Con gran profundidad explicó la importancia de la filosofía aristotélica y escribió comentarios a todos los libros de la Biblia. Este erudito defendió la autonomía de la razón en la investigación experimental. Fue el primero en estudiar innumerables especies animales, incluyendo peces y abejas; sus descubrimientos sirvieron para fundar muchas disciplinas científicas.
Por eso es que el papa Pío XI lo canonizó en 1931 y lo proclamó “Patrono de los científicos.” San Alberto falleció en 1280. Sus restos reposan en la cripta de la Iglesia de San Andrés, en Colonia.
Sus conocimientos científicos eran tan considerables, que sus contemporáneos hicieron circular una enorme cantidad de leyendas en torno a este supuesto “mago Alberto”, pues poseía amplísimos conocimientos filosóficos y científicos, que, con un claro pensamiento y capacidad de observación, sabía relacionar entre sí. Muchos incluso le temían y se referían a él como “el hombre que todo lo sabe”.

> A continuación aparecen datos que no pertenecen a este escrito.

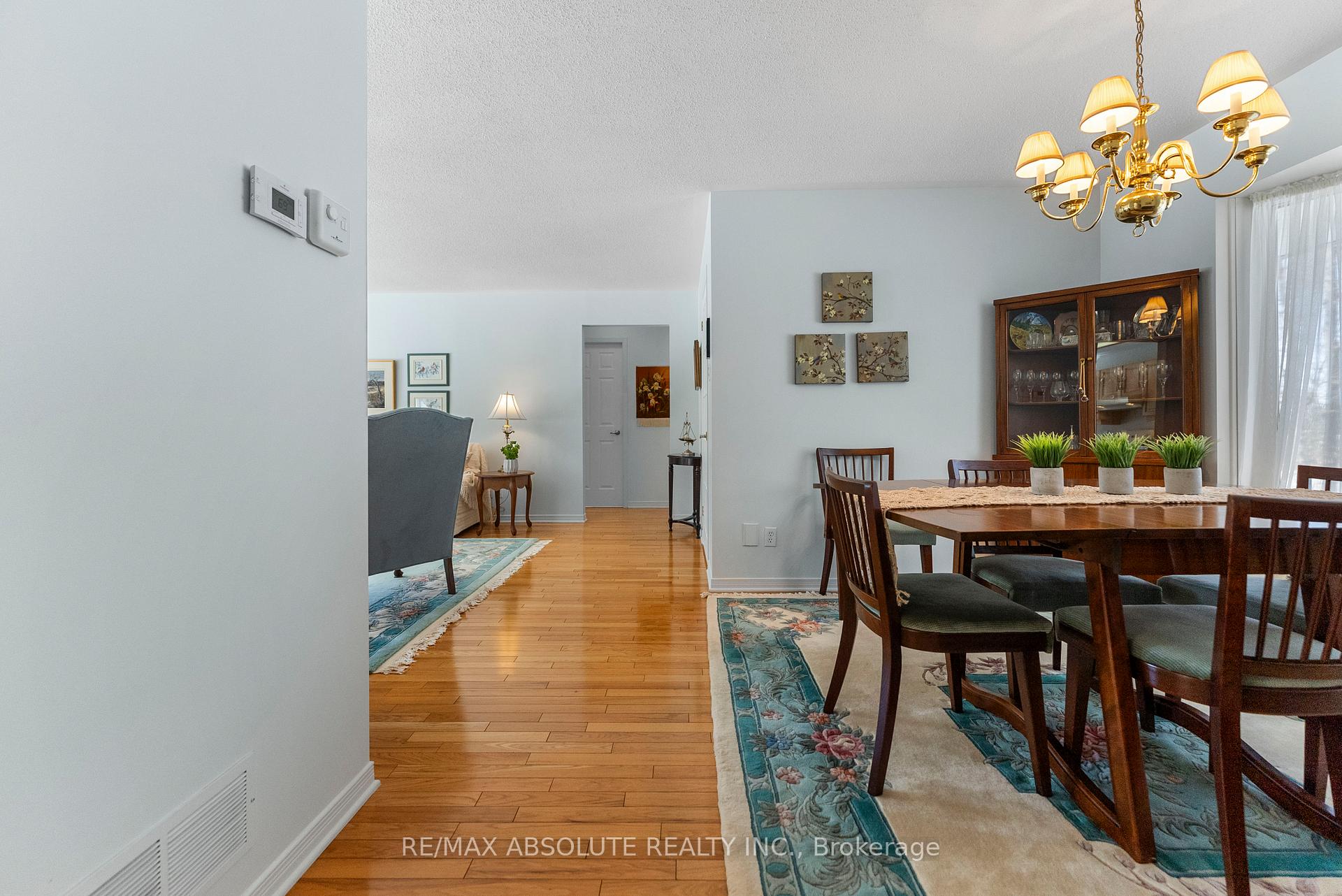 Photo 11 of 123 Woodridge Crescent, McNab/Braeside, Mcnab/Braeside Twps — HOMEH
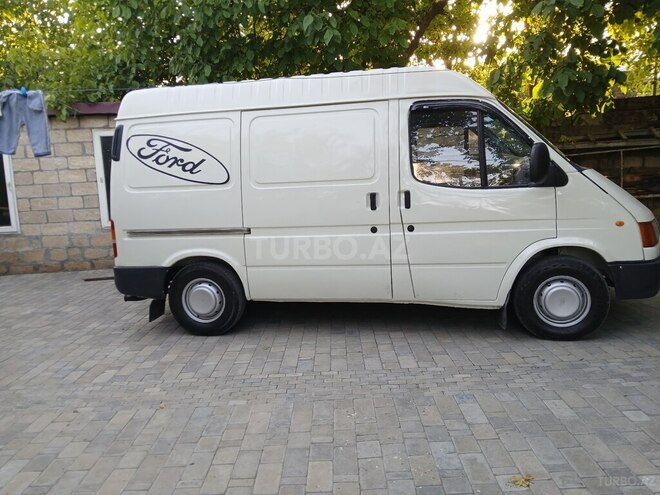 Ford Transit-13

Ciertamente sabía mucho de ciencias naturales, pero lo que lo distinguía, en primer lugar, era su profunda fe, por lo que fue, antes que nada, un convencido cristiano y un teólogo renombrado.
Esta convicción firme de cultivar la fe y la ciencia lo llevaron a afirmar: “Si alguien domina a profundidad las ciencias naturales, la Palabra del Señor no será ninguna razón para dudar”. Esto es: para Alberto, la fe y la razón, la fe y la ciencia no se contradicen nunca.
La recepción de la filosofía aristotélica en el pensamiento occidental es un fenómeno importantísimo que le debemos a Alberto, pues tradujo toda la obra del filósofo estagirita, sobre la que también escribió eruditos comentarios. Su prestigio era tan considerable, que en la ciudad de Colonia frecuentemente lo llamaban a fungir como intermediario en las querellas entre la ciudad y el arzobispo.
Su trabajo de sistematización enciclopédica de muchos de los saberes que le interesaban se basaba en observar, describir y clasificar los fenómenos que estudiaba. Esto es, se guiaba por lo que ahora llamaríamos “métodos científicos”.
San Alberto Magno fue, por eso, consagrado como el patrón de los químicos y de todos los científicos abocados al estudio de la naturaleza, pues ya hemos visto que emprendía investigaciones en botánica, astronomía, geografía y alquimia (la versión medieval de la química actual), entre otras disciplinas.
Fue un auténtico hijo del luminoso siglo XIII, culmen de la Edad Media, de naturaleza enciclopédica, de insaciable sed de conocimientos sistematizados, como lo demuestra no sólo la obra de San Alberto, sino también la de su discípulo Santo Tomás de Aquino, las “Cantigas de Santa María”, recopiladas por orden del rey Alfonso el Sabio, la “Leyenda Áurea”, del dominico Santiago de la Vorágine, el “Magnus Liber Organi”, recopilado en París con obras de los más célebres compositores de Notre Dame, entre muchísimos ejemplos más.
Es patrono de los estudiantes, de los teólogos, filósofos, naturalistas, mineros y científicos en general. Seamos todos conscientes de la importancia de este científico genial, comprometido con la fe, con la ciencia, con la justicia y con la sapiencia, haciéndose eco de la máxima de los dominicos, de los frailes predicadores: “Contemplari et contemplata aliis tradere”: “Contemplar y transmitir a todos lo que hayamos contemplado”.